-------- GIVEN DATA --------

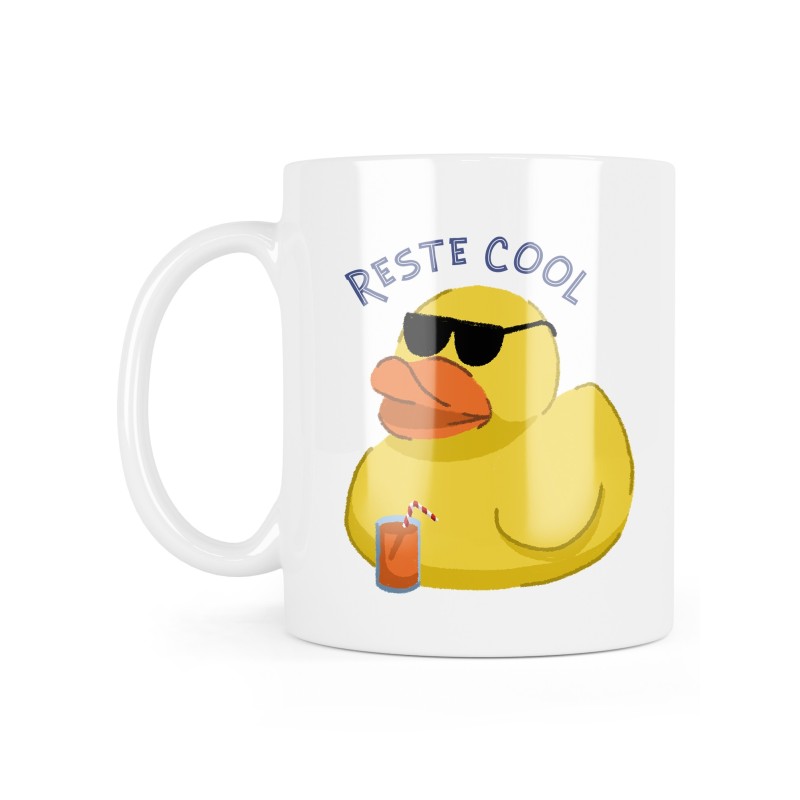 Mug céramique à message - Cadeau Humour - Canard Reste cool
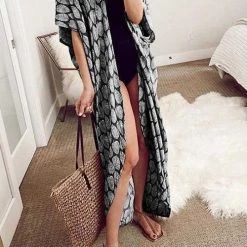 Levency Leaf Belted Kimono Cardigan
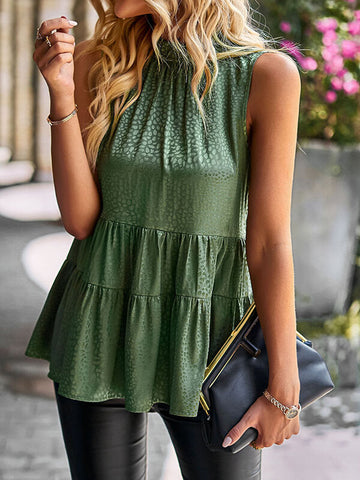 Woochic hauts unicolore peplum col rond sans manches femme mode Vert S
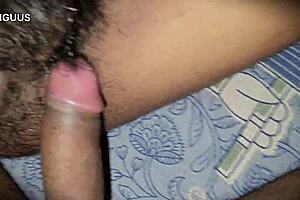 desi milf hairy pussy fucked sharing bed sans husband closeup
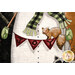 A close up on the panel of the quilt, showing details on the illustrated snowman and squirrels.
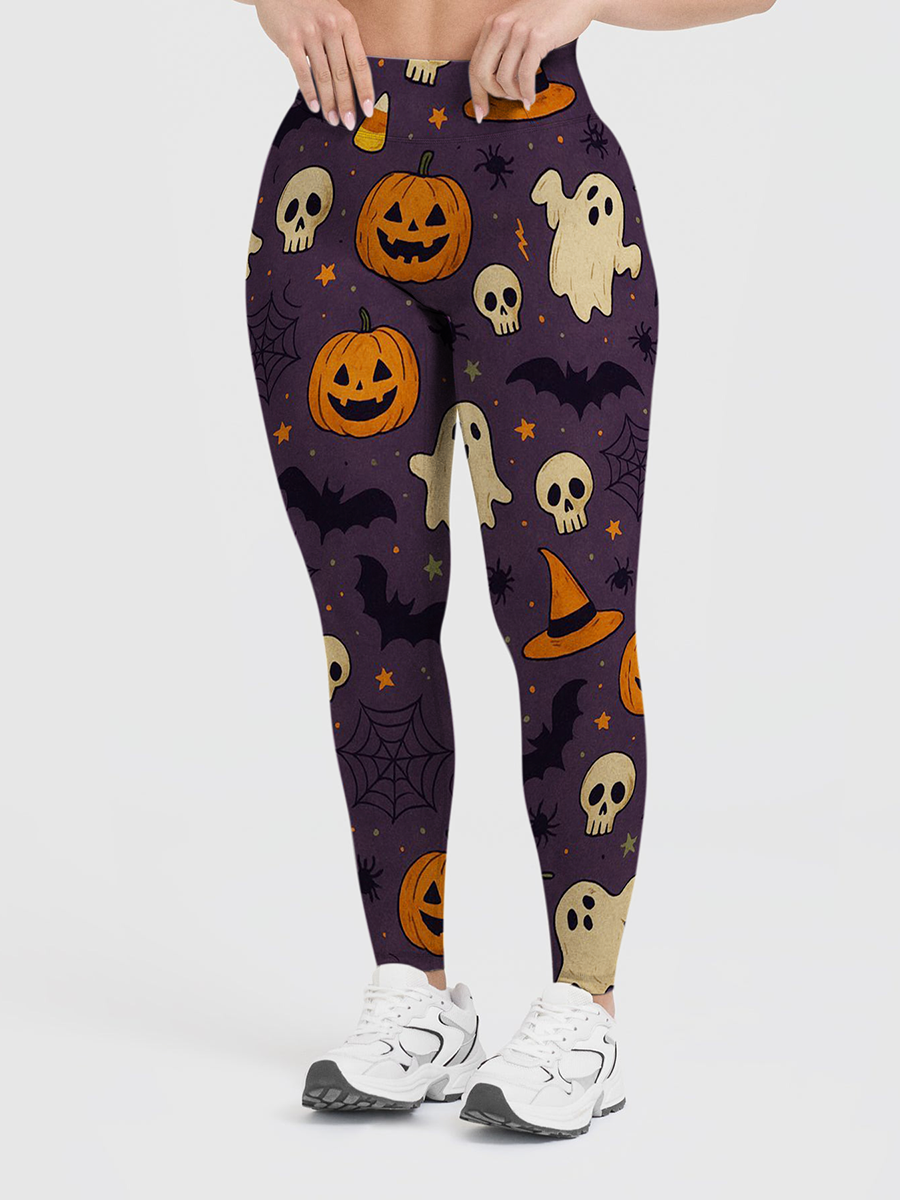 Vintage Cartoon Pumpkin Ghost Retro Halloween Leggings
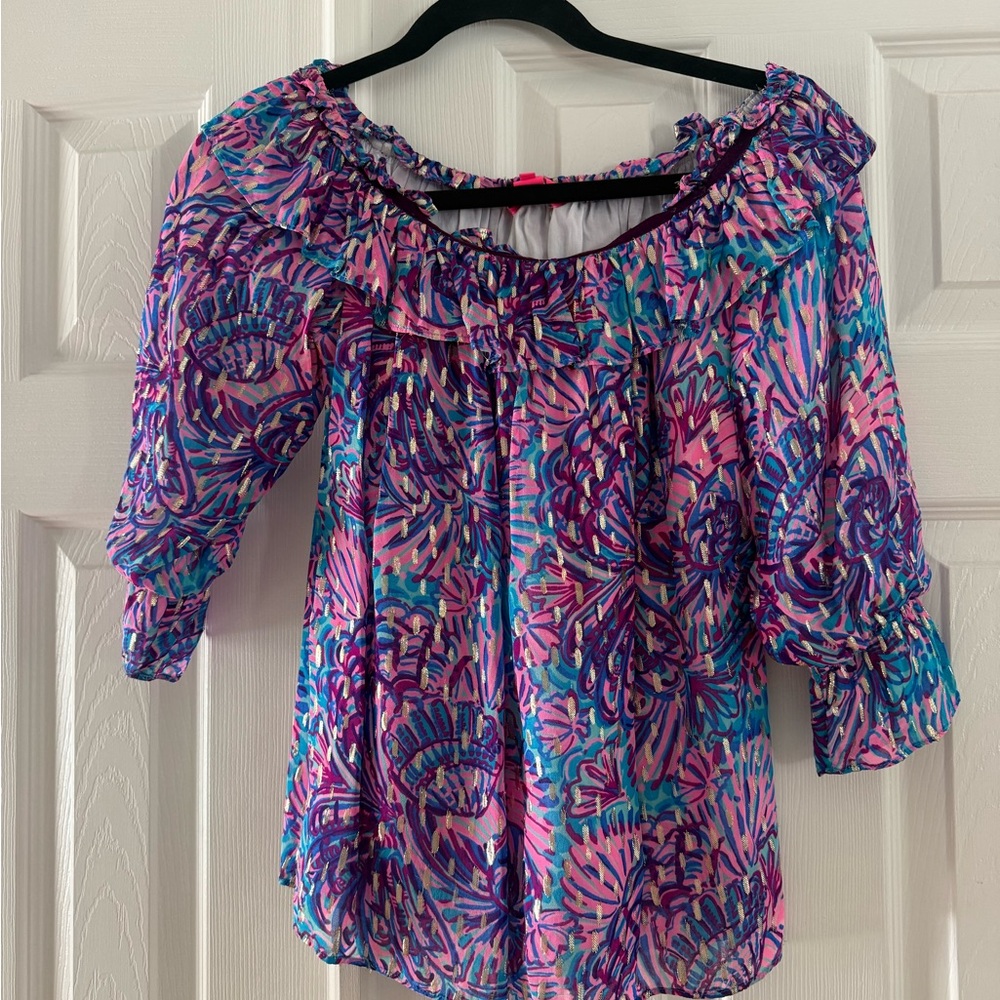 Lilly Pulitzer Pink and Blue Floral Blouse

--------

### PROBLEM DESCRIPTION
What is needed is an exact transcription of the lines from the one holding "Levency Leaf Belted Kimono Cardigan" to the end of the data, with every picture left out.

### RESPONSE BOX
 Levency Leaf Belted Kimono Cardigan
 Woochic hauts unicolore peplum col rond sans manches femme mode Vert S
 desi milf hairy pussy fucked sharing bed sans husband closeup
 A close up on the panel of the quilt, showing details on the illustrated snowman and squirrels.
 Vintage Cartoon Pumpkin Ghost Retro Halloween Leggings
 Lilly Pulitzer Pink and Blue Floral Blouse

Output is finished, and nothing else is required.